The following is a non-fictional writing exercise on perception:

I ask my wife what she sees when she closes her eyes in a totally lightless room. “Black.” She says.
“Anything else?” I ask.
A boring “No.” is her response.

What I see when I close my eyes is… complicated. It’s different depending on the situation.

Color-wise the elements are muted flourescent greens, the kind you see on a glow-in-the dark watch face after a few hours into the night,

and muted flourescent purples; the color of dust on velvet under a black light.

Speaking of black, I see that too. Rarely is it ever the rich perfect vibrant black seen on an OLED color TV screen but is almostly totally muddied, washed out by the overlay of the previous two colors.

The picture is complex.  As I describe this I have to alternate between turning the light on in my room to write, and turning the light off and placing the palms of my hands over my eye sockets to return to my interior vision. When I do, what I see has no boundaries save it be how far I can turn my eyes left and right, up and down. If I had 360 degree vision, I suspect  the picture would be spherical. In fact that is it. It’s just that my viewing arc is more restricted. And “I” am in its’ center.
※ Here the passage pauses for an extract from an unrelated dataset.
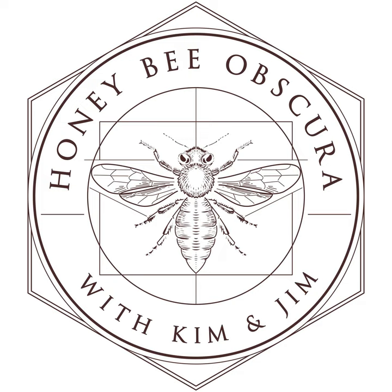You are listening to Honeybee Obscura, brought to you by Growing Planet Media, the folks behind Beekeeping Today podcast. Each week on Honeybee Obscura, hosts Kim Flattam and Jim Tu explore the complexities, the beauty, the fun, and the challenges of managing honeybees in today's world in engaging and informative discussion meant for all beekeepers — long-timers and those just starting their journey with bees. Sit back and enjoy the next several minutes as Kim and Jim explore all things honeybees.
When I say picture, I mean both senses of the word. The “picture” is what I see, but it also has movement. There are elements which are static for an instant when I focus on them, but change, either when I move my eyes to another part of my visual field, or shift into something else when I concentrate on them.
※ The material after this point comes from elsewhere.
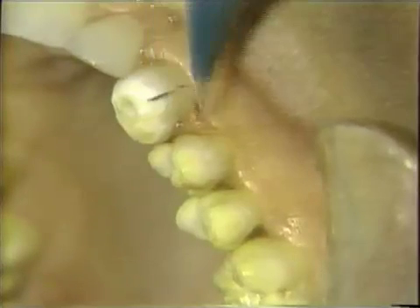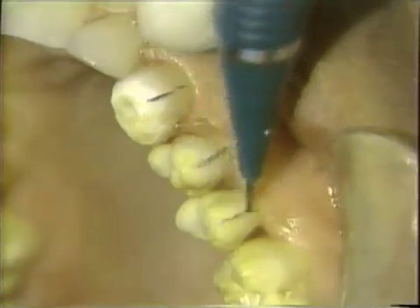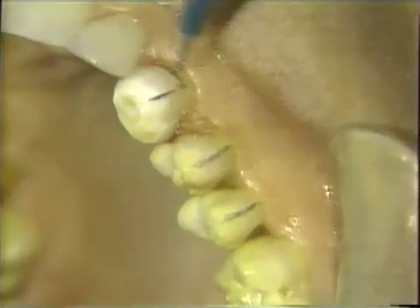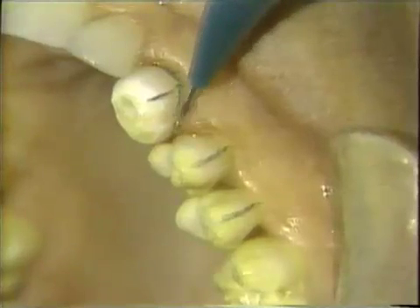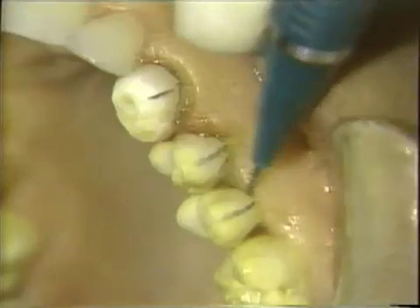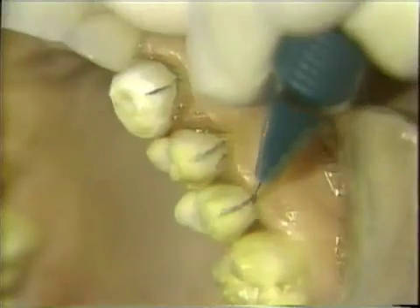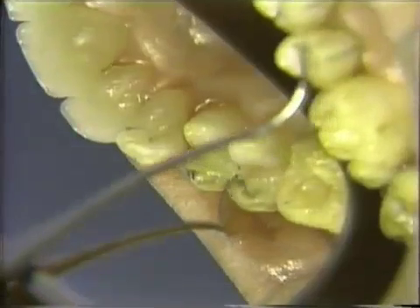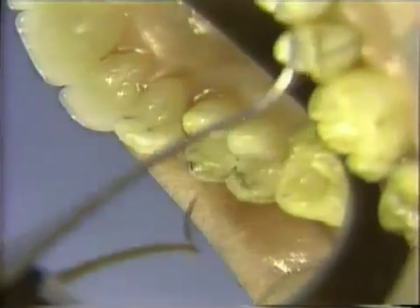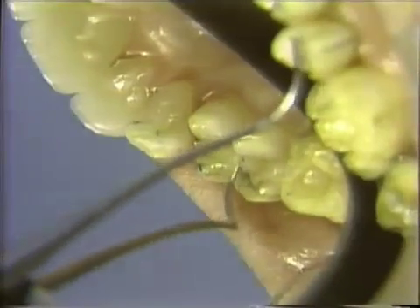We will start by making a mark and following this up with a tracer cut on that buccal surface. Then the cervical will be removed to this pencil line. We have outlined with pencil where the finishing line will be on the occlusal surface, making sure that we have enough room for the lower cusps.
There is no horizon. There is two and three dimensionality. It is sometimes like looking into a microscope and seeing what you have focused on a two dimensional plane and then turning the dial and seeing the focus of a nearer or farther plane.

The elements are multitudinous, minute.
They comprise my whole visual field. I suspect it is part after-images, but I know upon experimentation that they also are physiological manifestations. For instance, if I roll my eyes as low as I can, I see two arcs/ circles flashes of light which I suspect might be photons silhouetting my retinal disks.
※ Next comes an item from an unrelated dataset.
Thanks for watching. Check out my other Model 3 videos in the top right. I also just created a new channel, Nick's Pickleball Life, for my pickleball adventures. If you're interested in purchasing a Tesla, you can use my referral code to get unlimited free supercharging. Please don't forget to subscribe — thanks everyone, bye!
And the elements sometimes strobe. I wonder if this is due to microsaccades generated by my superior colliculus. You know, those little jerky eye movements that keep things from disappearing  if you stare at them too long.

I’m getting sleepy but there are three other things I mention off of the top of my head. Sometimes the picture is cross-hatched. I don’t know where that comes from. Sometimes I see typeface. That comes from reading too long before bedtime. And sometimes it’s like looking through a sponge of neurons, which makes me wonder, since eyes, optic nerves, optic chiasm, right and left lateral geniculate nucleai, and right and left striate cortices are all connected; whether the visual seat of my consciousness is looking from the outside in, or inside out. Perhaps it’s one of those things that’s dependent upon your choice of view.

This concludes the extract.